THE GROUND BENEATH US
From the Oldest Cities to the Last Wilderness, What Dirt Tells us About Who We Are
Paul Bogard

Little, Brown/March 2017

Our most compelling resource just might be the ground beneath our feet.

When a teaspoon of soil contains millions of species, and when we pave over the earth on a daily basis, what does that mean for our future? What is the risk to our food supply, the planet's wildlife, the soil on which every life-form depends?

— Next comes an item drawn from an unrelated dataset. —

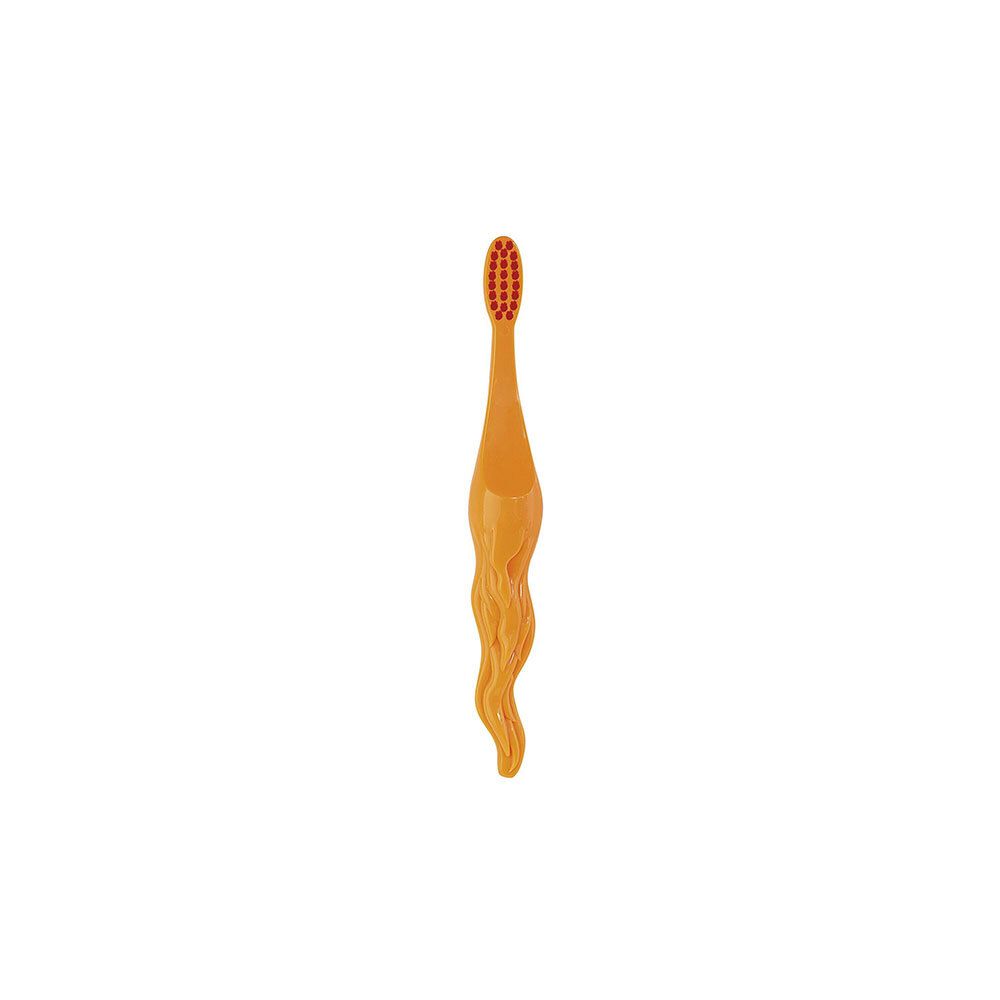 Brosse à dents enfant orange. Soie souple, manche avec design ondulé. Sans emballage.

How much undeveloped, untrodden ground do we even have left?

Paul Bogard set out to answer these questions in The Ground Beneath Us, and what he discovered is astounding.

From New York (where more than 118,000,000 tons of human development rest on top of Manhattan Island) to Mexico City (which sinks inches each year into the Aztec ruins beneath it), Bogard shows us the weight of our cities' footprints. And as we see hallowed ground coughing up bullets at a Civil War battlefield; long-hidden remains emerging from below the sites of concentration camps; the dangerous, alluring power of fracking; the fragility of the giant redwoods, our planet's oldest living things; the surprises hidden under a Major League ballpark's grass; and the sublime beauty of our few remaining wildest places, one truth becomes blazingly clear: The ground is the easiest resource to forget, and the last we should.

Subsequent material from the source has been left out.